PROVIDED DATA
----

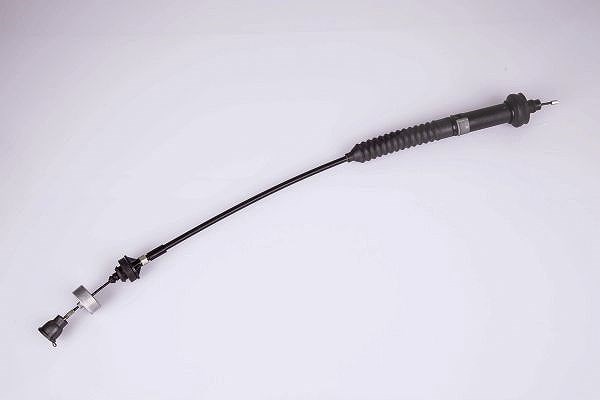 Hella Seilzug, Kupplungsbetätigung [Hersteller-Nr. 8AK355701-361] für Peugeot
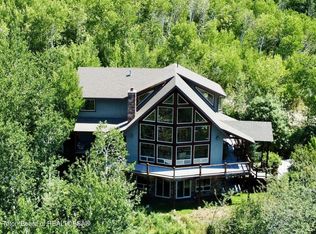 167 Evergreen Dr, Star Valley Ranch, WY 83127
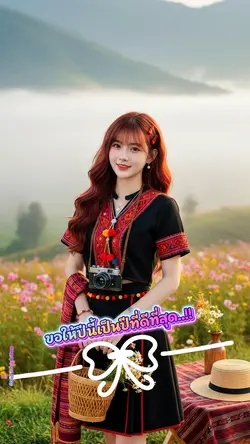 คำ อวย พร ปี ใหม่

----

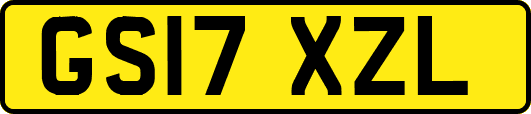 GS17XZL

----

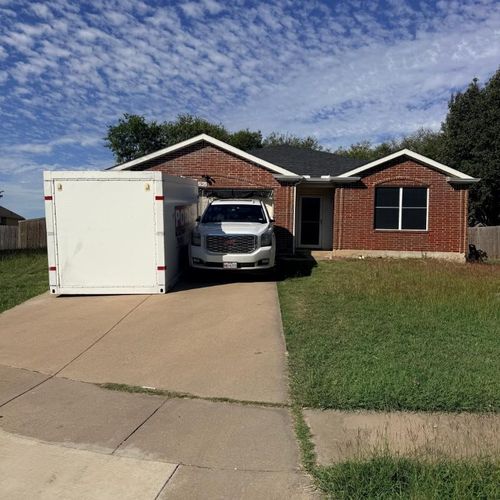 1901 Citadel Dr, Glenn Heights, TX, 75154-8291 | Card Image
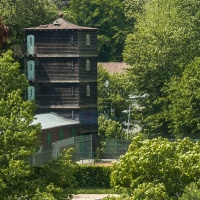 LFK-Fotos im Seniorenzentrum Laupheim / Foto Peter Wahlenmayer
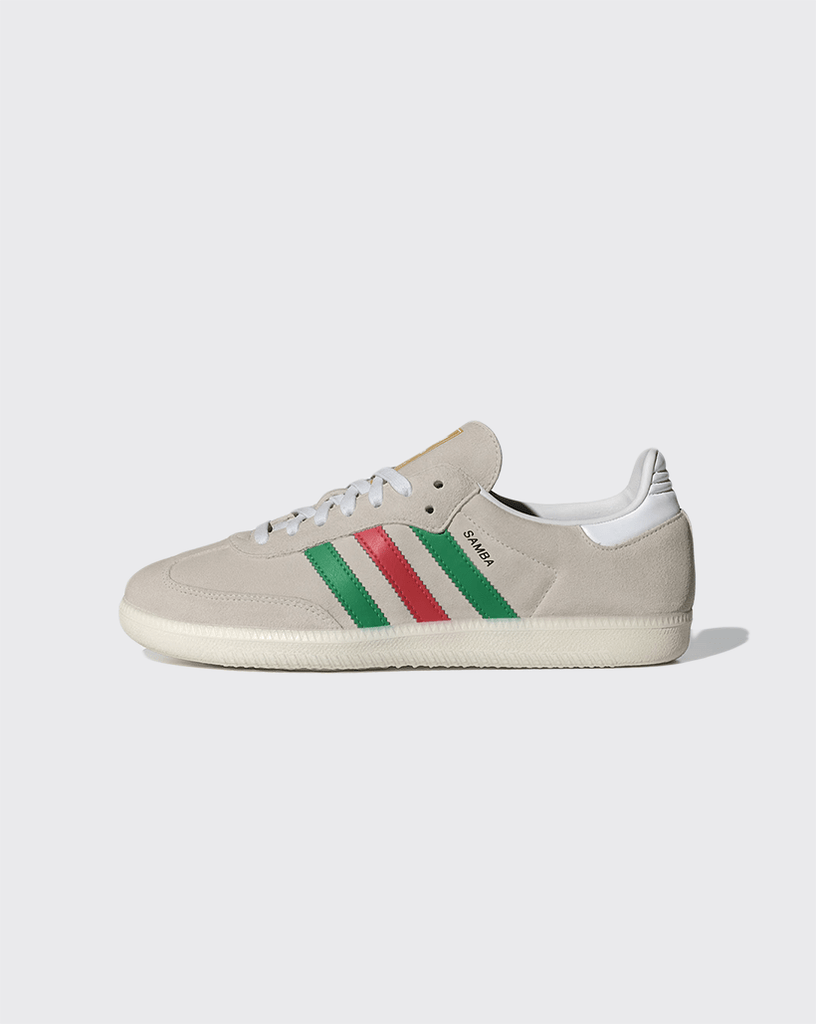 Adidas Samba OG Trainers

----

EXERCISE DIRECTIONS
Above are some entries; copy exactly the lines from the line with "167 Evergreen Dr, Star" through the line with "คำ อวย พร ปี ใหม่", both included, but none of the pictures.

SOLUTION TO THE EXERCISE
 167 Evergreen Dr, Star Valley Ranch, WY 83127
 คำ อวย พร ปี ใหม่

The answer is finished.